Metadata Management

There are two classes of metadata that need to be managed in Hedwig: one is the list of available hubs, which is used to track server availability (ZooKeeper is designed naturally for this); while the other is for data structures to track topic states and subscription states. This second class can be handled by any key/value store which provides ah CAS (Compare And Set) operation. The metadata in this class are:

  • Topic Ownership: tracks which hub server is assigned to serve requests for a specific topic.
  • Topic Persistence Info: records what bookkeeper ledgers are used to store messages for a specific topic and their message id ranges.
  • Subscription Data: records the preferences and subscription state for a specific subscription (topic, subscriber).

Each kind of metadata is handled by a specific metadata manager. They are TopicOwnershipManager, TopicPersistenceManager and SubscriptionDataManager.
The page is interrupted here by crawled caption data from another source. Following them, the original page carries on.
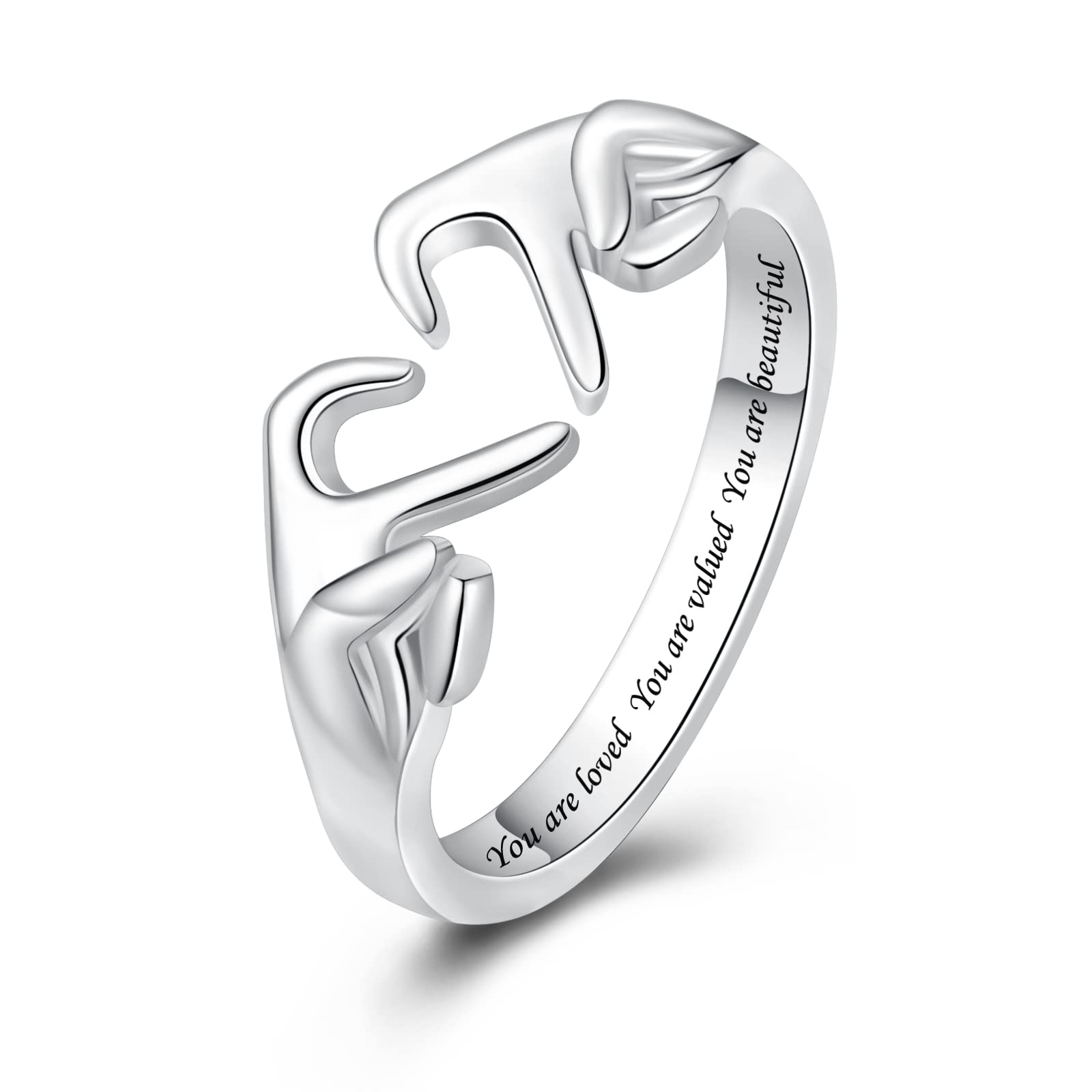 BEILIN925 Sterling Silver Promise Rings for Her - Claddagh Heart Love Rings You are Loved You are Valued You are Beautiful Ring for Women, Metal, Cubic Zirconia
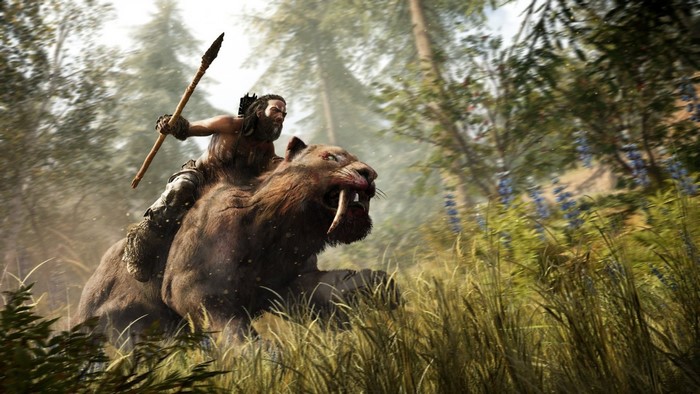 Man riding a saber-toothed cat in Far Cry Primal
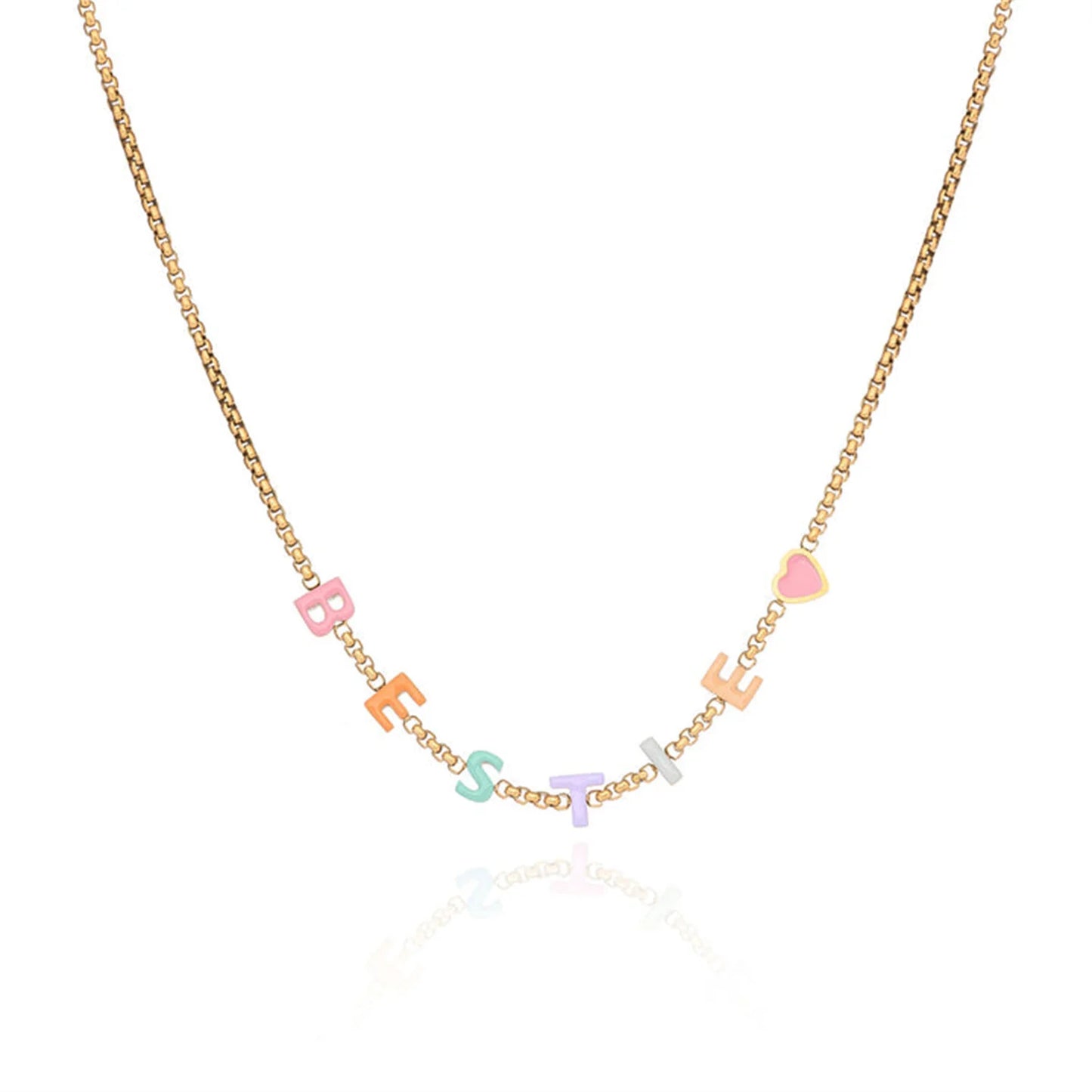 Custom Color Enamel Name Necklace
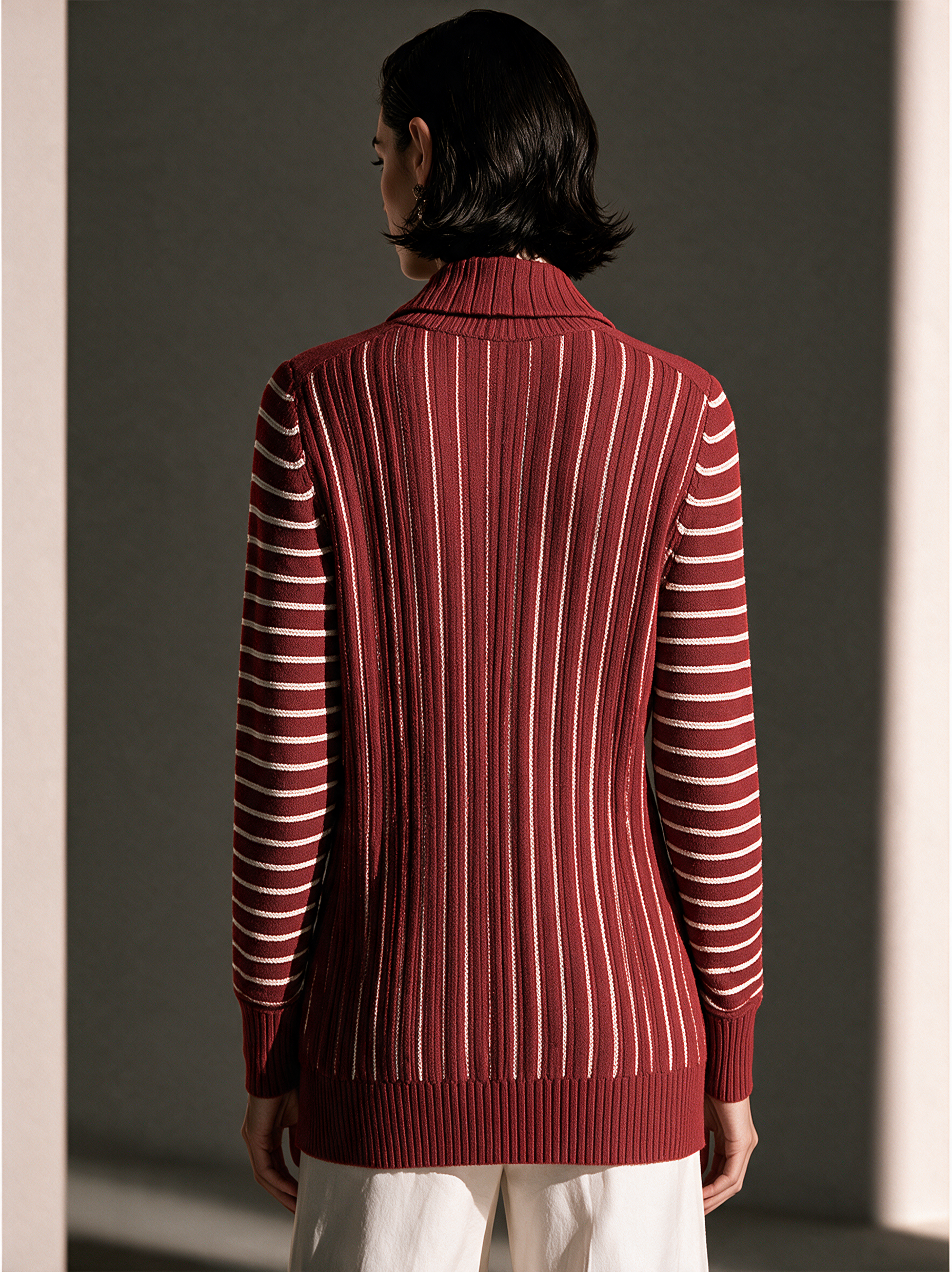 Women's Contrast Stripe Elegant Knit Lapel Cardigan MDZ3197H6GMJ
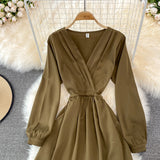 V Neck Long Sleeve Dress Fashion Dress HZ1024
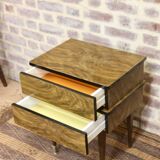 Pair of bedside table varnished wood 60s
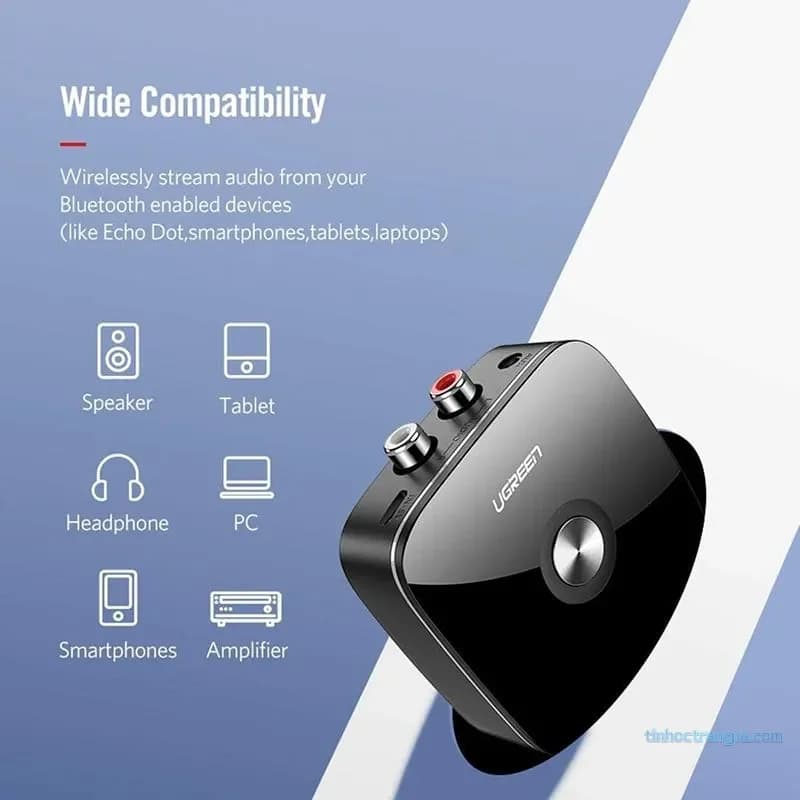 Bộ Nhận Bluetooth Ugreen 30445 20mW - Cổng 3.5mm & RCA Hoa Sen Tích Hợp Pin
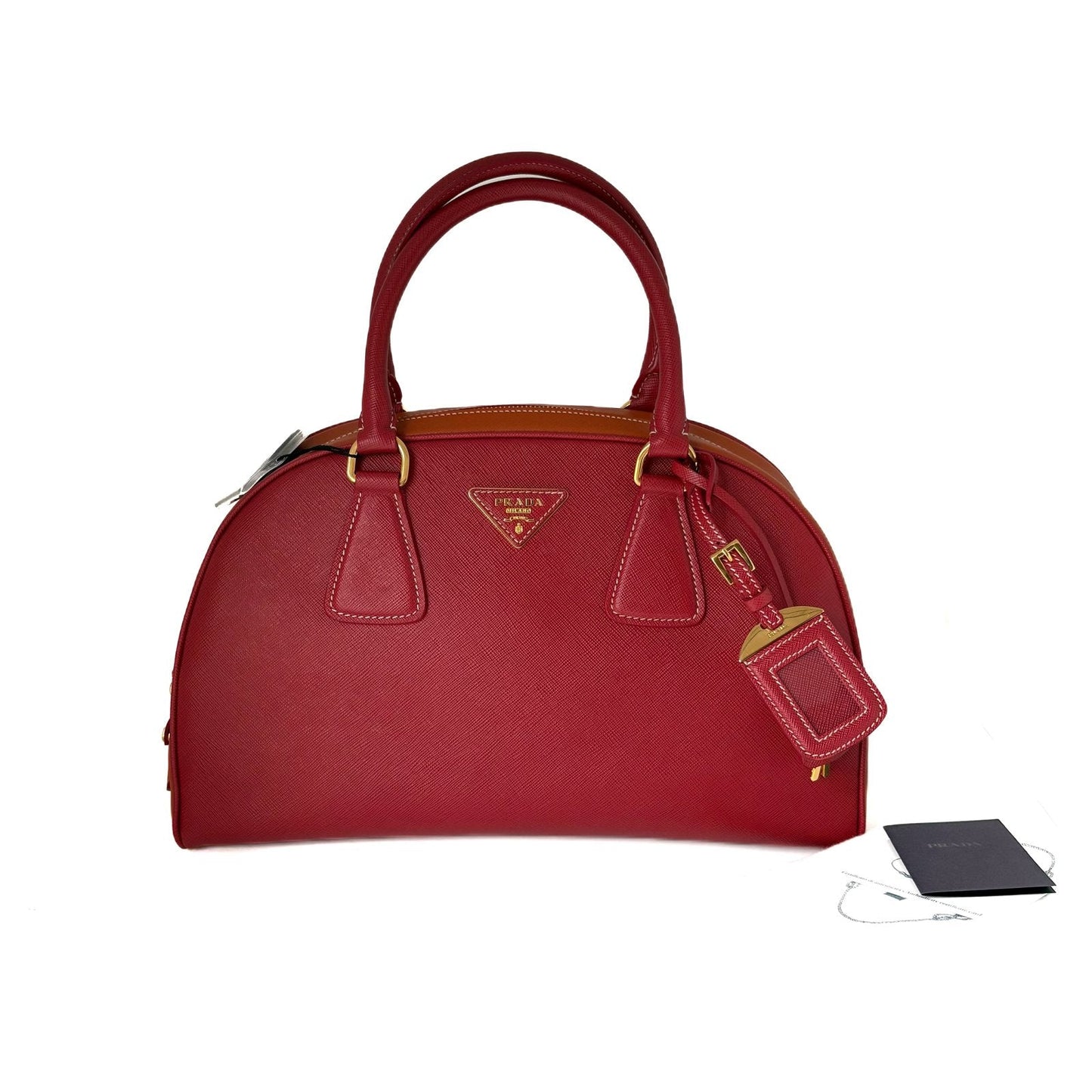 Promenade Saffiano Bag Red and Caramel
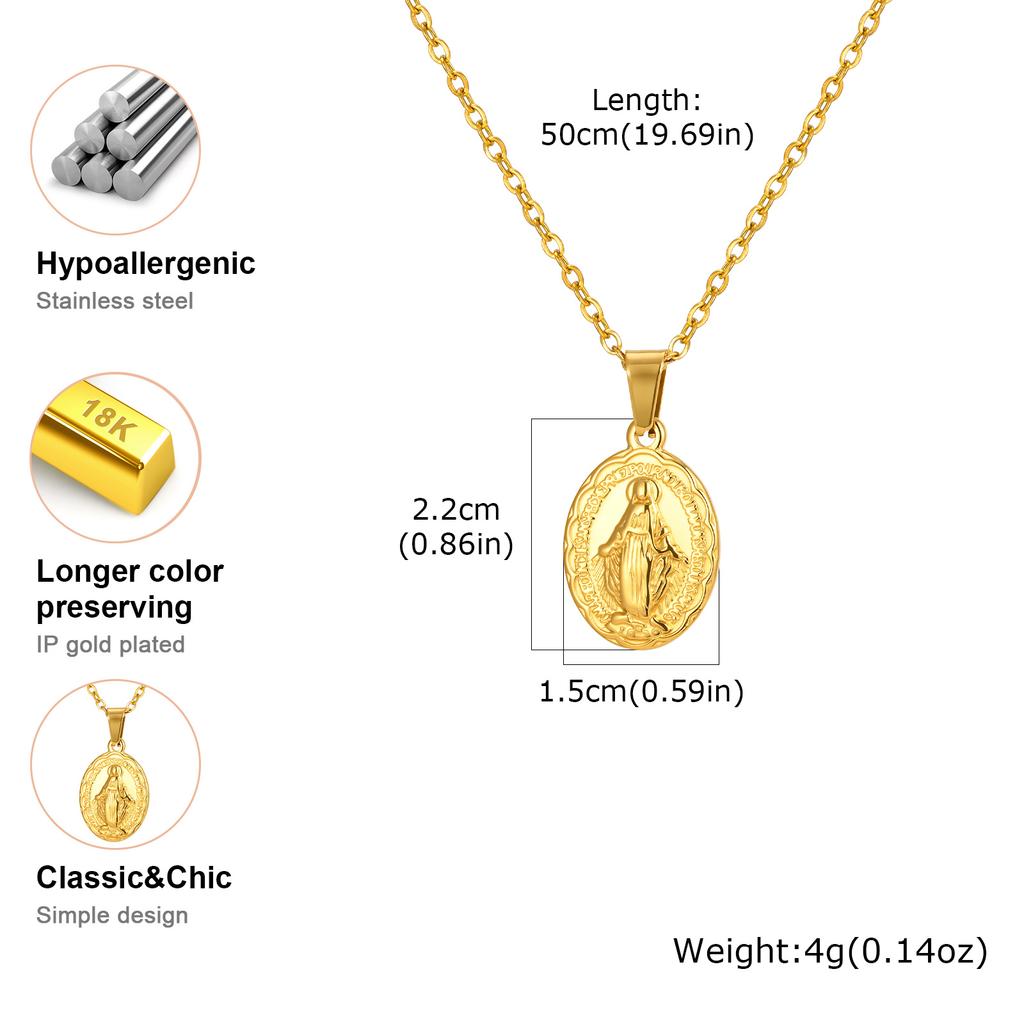 Gold Plated Virgin Mary Pendant Necklace For Women Stainless Steel Chain Choker Necklaces Religious Pray Jewelry Gift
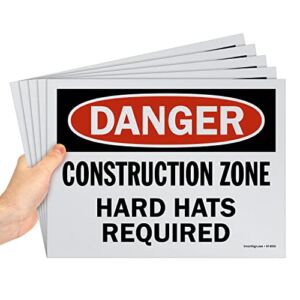 SmartSign (Pack of 5) 9 x 12 inch “Danger – Construction Zone, Hard Hats Required” OSHA Sign, Screen Printed, 10 mil Polystyrene Plastic, Red, Black and White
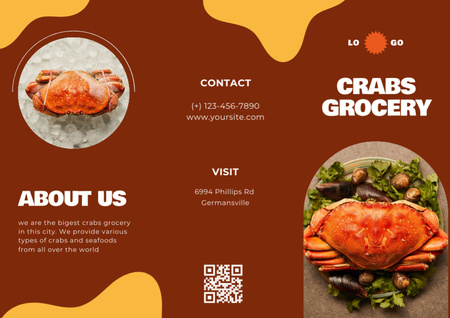 Crabs And Seafood Grocery Promotion With Serving Dish Brochure Design Template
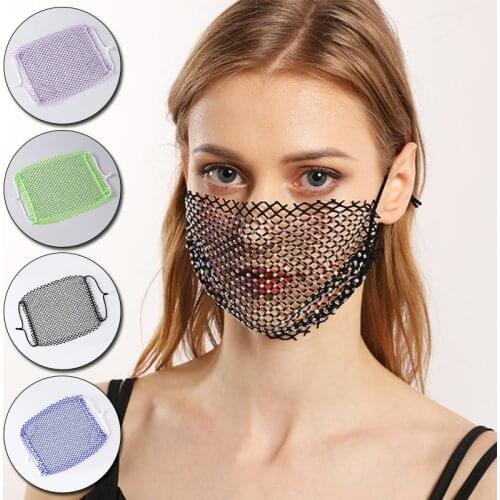 New Sexy Shiny Rhinestone Thin Mesh Mask Face Decor Washable Breathable Bling Party Masquerade Fashion Elastic Face Jewelry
Topic Ownership Management

There are two ways to management topic ownership. One is leveraging ZooKeeper's ephemeral znodes to record the topic's owner info as a child ephemeral znode under its topic znode. When a hub server, owning a specific topic, crashes, the ephemeral znode which signifies topic ownership will be deleted due to the loss of the zookeeper session. Other hubs can then be assigned the ownership of the topic. The other one is to leverage the CAS operation provided by key/value stores to do leader election. CAS doesn't require the underlying key/value store to provide functionality similar to ZooKeeper's ephemeral nodes. With CAS it is possible to guarantee that only one hub server gains the ownership for a specific topic, which is more scalable and generic solution.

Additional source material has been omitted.